Daha dün market karşılaştığım çocuk. Beni gördüğünde üzerindeki önlükten kurtulmak için nasılda kendini paraladı. Görünmemek için çok uğraştım. Kahretsinki kasadan geçmem gerekiyordu. Gözlerinin içine baktım, olur böyle şeyler der gibi. Artık markete gidemiyorum...
Semtin en kalabalık yerinde her an bir köşede karşılaşma ihtimal var onlarla. Bazen bir ayakkabı boyacısı yaklaşır yanıma, yüzüme bakmadan abii boyayım mı der. Başımı kaldırdığım da 9K sınıfında Ahmettir bu. Öylece kalakalırız kaldırımda. Boyadan ciladan kararmış ellerine bakmamak için ne yapsam boştur. Çalışmanın erdem olduğunda bahsederim ona hep. Aileye yardımcı olmanın öneminden. Kaldırımda yürüyemez oldum.
Çocuklar metropol yaşamında inanılmaz işlerde yapıyor bunun yanında. Bilet satıcısı öğrencilerim var. Korsan cd tezgahlarında çalışanlar. Ama en çokta garsonlar. Acemi, yakışıksız elleriyle masada keyif çatan birine çay getirirken görmeye dayanamam onları. Boğaza inemez oldum...
Ben bilmezdim ta ki düne kadar.
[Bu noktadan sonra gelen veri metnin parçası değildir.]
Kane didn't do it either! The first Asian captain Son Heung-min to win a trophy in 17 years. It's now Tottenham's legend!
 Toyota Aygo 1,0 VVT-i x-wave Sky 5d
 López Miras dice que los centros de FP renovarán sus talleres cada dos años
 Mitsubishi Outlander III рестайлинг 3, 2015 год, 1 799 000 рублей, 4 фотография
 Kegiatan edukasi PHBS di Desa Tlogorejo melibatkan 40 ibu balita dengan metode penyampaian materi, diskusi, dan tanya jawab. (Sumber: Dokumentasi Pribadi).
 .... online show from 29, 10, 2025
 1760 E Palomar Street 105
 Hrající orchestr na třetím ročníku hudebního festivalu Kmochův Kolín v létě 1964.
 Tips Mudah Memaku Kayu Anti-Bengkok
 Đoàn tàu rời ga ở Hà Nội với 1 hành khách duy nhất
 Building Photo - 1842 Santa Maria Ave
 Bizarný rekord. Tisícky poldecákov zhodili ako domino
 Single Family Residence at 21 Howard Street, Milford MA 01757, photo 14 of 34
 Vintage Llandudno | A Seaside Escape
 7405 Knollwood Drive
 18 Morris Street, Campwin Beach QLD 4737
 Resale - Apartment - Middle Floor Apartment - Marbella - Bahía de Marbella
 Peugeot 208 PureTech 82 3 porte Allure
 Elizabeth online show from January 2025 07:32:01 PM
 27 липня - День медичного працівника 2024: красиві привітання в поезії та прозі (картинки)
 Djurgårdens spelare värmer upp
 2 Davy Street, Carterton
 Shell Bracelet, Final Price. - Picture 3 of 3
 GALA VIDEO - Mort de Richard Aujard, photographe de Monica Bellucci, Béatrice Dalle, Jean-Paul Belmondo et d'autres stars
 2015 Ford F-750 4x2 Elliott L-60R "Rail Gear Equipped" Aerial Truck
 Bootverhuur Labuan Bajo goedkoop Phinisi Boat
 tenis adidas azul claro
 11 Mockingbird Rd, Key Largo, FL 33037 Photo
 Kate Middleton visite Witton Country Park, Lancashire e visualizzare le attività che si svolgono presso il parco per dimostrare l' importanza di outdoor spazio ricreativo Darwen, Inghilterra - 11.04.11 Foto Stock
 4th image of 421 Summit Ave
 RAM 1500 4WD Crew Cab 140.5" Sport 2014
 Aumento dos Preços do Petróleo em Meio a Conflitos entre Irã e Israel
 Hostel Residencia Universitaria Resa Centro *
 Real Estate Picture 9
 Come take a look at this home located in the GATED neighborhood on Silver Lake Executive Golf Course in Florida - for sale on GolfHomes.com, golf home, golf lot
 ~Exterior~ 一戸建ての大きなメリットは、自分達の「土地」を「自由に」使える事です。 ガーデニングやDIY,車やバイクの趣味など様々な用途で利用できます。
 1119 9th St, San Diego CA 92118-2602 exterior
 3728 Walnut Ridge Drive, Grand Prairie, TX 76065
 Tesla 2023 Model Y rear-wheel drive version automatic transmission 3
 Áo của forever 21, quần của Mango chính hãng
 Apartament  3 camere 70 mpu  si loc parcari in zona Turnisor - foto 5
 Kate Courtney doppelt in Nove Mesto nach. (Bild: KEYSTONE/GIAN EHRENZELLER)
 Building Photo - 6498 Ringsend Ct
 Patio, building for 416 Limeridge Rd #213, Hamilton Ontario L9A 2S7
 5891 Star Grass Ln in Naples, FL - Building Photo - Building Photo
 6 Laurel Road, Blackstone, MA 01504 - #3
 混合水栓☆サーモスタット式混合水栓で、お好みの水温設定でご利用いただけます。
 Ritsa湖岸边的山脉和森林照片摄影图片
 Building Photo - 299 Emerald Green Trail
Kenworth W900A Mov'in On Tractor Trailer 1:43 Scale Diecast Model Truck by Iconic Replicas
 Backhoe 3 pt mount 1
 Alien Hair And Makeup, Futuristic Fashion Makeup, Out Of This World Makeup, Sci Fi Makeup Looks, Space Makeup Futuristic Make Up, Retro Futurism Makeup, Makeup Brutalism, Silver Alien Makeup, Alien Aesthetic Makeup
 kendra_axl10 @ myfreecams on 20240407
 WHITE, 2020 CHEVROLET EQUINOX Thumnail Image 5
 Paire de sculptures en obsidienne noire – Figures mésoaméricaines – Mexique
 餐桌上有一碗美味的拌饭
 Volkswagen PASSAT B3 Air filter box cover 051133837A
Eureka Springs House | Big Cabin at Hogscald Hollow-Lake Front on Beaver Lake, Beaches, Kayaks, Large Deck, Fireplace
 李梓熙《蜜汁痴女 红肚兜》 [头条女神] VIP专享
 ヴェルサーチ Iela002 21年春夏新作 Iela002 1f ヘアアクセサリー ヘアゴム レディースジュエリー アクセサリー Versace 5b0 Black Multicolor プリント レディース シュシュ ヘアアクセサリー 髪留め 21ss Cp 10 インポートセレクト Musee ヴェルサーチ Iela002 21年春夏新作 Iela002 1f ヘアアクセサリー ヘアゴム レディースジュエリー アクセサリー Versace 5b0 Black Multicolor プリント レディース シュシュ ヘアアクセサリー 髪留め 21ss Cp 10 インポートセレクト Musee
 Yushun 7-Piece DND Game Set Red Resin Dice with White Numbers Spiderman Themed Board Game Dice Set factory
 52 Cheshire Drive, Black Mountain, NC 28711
Meğer bu çocuklar konfeksiyon atölyelerinden çalışırlarmış büyük bir çoğunluk. Ortacı derlermiş gariplerime. Aldıkları ücret, patronları cömertse haftada 50 liraymış. Mesainin de sınırı yokmuş. Kimi zaman atölyede sabahlıyorlarmış. Atölye dediğim karanlık bodrum katı. Şimdilerde üzerimde ki elbise kaskatı kesiliyor. Onların o küçücük ellerinden çıktığını düşündükçe.
Yaz kötü bir mevsim onlar için. Çocuk işçi çalıştırılamaz müediyeli yasalar onları korumuyor.
Hocalarımız hiç sormayın. Öyle ya 90 gün boyunca yatıyorlar. O sahil senin bu plaj benim dolaşıyorlar. Nerede? Artık semt pazarına da gidemez oldum. Çoğu zaman pazarın bir ucunda tezgahta bir şeyler satarken onları görmek olası. O kadar belli ediyorlar ki kendini. Hayatında hiç öğretmen görmeyen biri bile, rahatlıkla ayırt edebilir onları.
Anlaşıldı. Camia olarak bir sonraki eğitim öğretim yılına da yorgun gireceğiz. Kimbilir belki kar falan yağarda dinleniriz.